After the first few listens, I gathered this vague estimation that the force behind my initial lack of enthusiasm for Viking Moses! was Brendon Massei’s vocal style. He does sing with a certain candid quality, to the point where if I let go of momentary consciousness, I begin to feel like he’s regaling me with tales of his real town in which he very actually was raised. But something in his voice sticks in my craw—I had to
try to like his vocal efforts, not like when I was with Jim Morrison or Roy Orbison. Alright enough with vocalization—let’s talk lyrics. This thing is really a lyrical near-masterpiece. It’s written in a very prosaic style, but the complete success of the prose—considering the context, the subject matter, and the style of the music Viking Moses! plays—pushes this big story about a young rural prostitute into the realm of true poetry. The language is not overburdened with obtuse wordiness (like this review might be) or self-reverence. The songs are written honestly, using common language that still manages to sound fresh. It might sound like blasphemy, but I am reminded of Leonard Cohen or William Oldham. The young prostitute’s story is revealed over a dozen songs, full of both positivity and the inevitable writhing pain. As long as I’ve already established this paragraph as the one in which I draw connections to other artists, let me just quickly mention the similarity between Massei’s storytelling and that of Faulkner. It takes several passes, not necessarily all in the same manner or from the same perspective, but we eventually arrive with what is a ‘complete’ story, and how do we decide what to think of it?

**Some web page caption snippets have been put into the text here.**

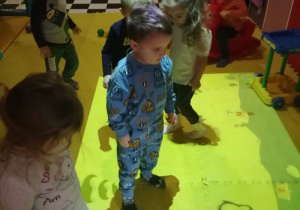 Grupka dzieci podczas zabawy "Poszukiwanie pingwinka" na dywanie kreatywnym.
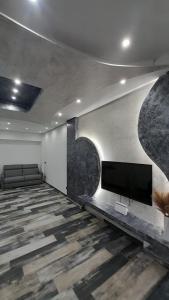 sala de estar con TV de pantalla plana en la pared en La casa di SELLY - A Due Metri Dal Mare-, en Bergeggi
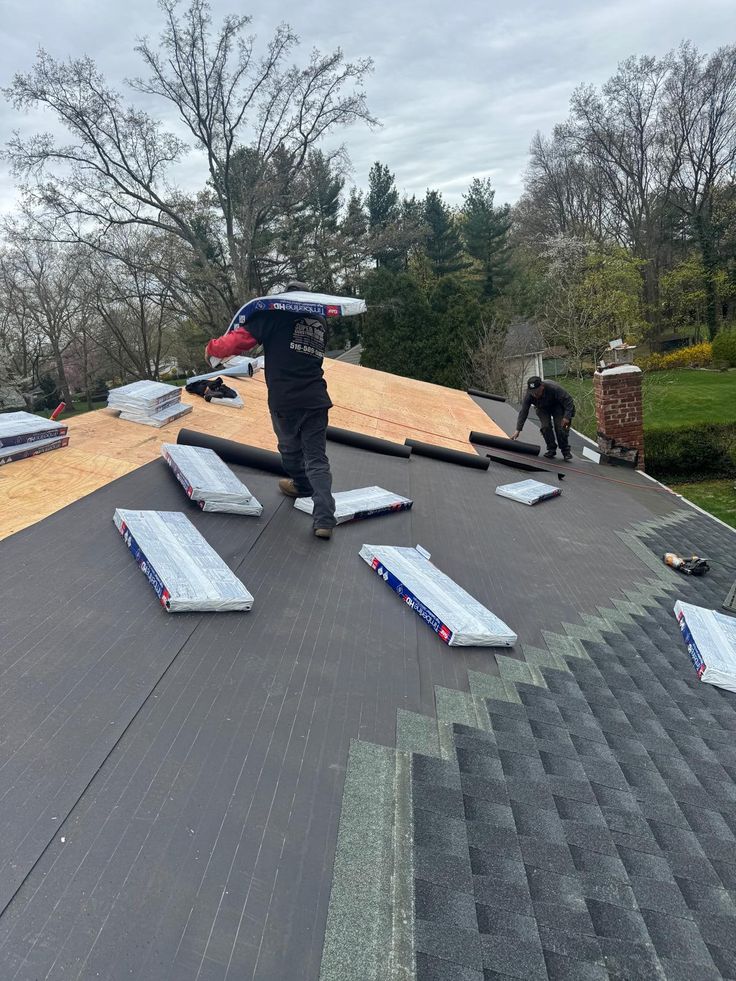 Professional roofing repair service repairing damaged residential roof in Hollywood.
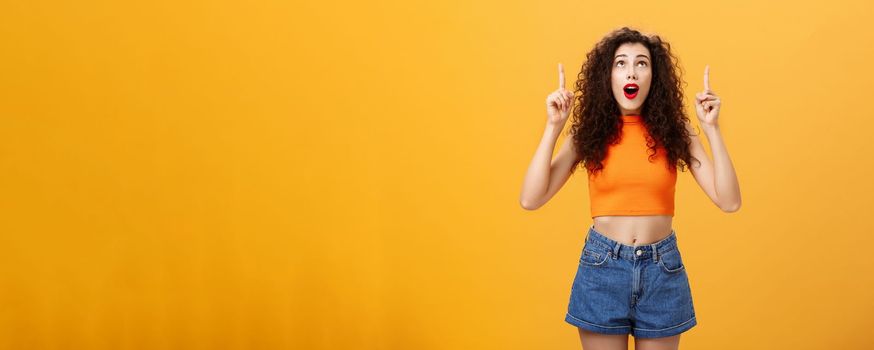 Portrait of amazed emotive and charismatic young curly-haired woman with red lipstic looking and pointing up mesmerized and astonished standing under impression over orange background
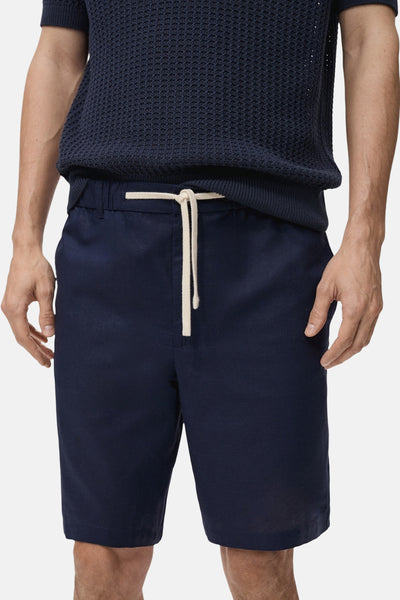 Short bleu de MANGO avec cordon de serrage, porté avec un pull texturé bleu marine.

The orchestration on “The Parts that Showed” is rather typical—guitar, piano, simple rock percussion. The recordings have a kind of ‘raw’ texture, where slight natural-sounding reverberations exist at all times, making me feel like the album could have been recorded in a kitchen, a living-room, or a garage. The tunes themselves range from somber and slow, as in “Life Empty Eyes” or “Under the Soda Sky”, and a feeling that I can only describe as jolly, since that’s how I feel while listening. “The Jones Boys”, probably my favorite song on the album, is a brief tune in which this girl ‘turns a trick’ and then turns the act right around to put a snowcone in a child’s hand. The subject matter is obviously a bit, ahem…fucked up, but the song itself makes you want to skip down the street. There are also songs that lie between these two points—but these also have a certain quality, wistful or nostalgic. Whatever the flavor, every song here is written with a kind certain charm.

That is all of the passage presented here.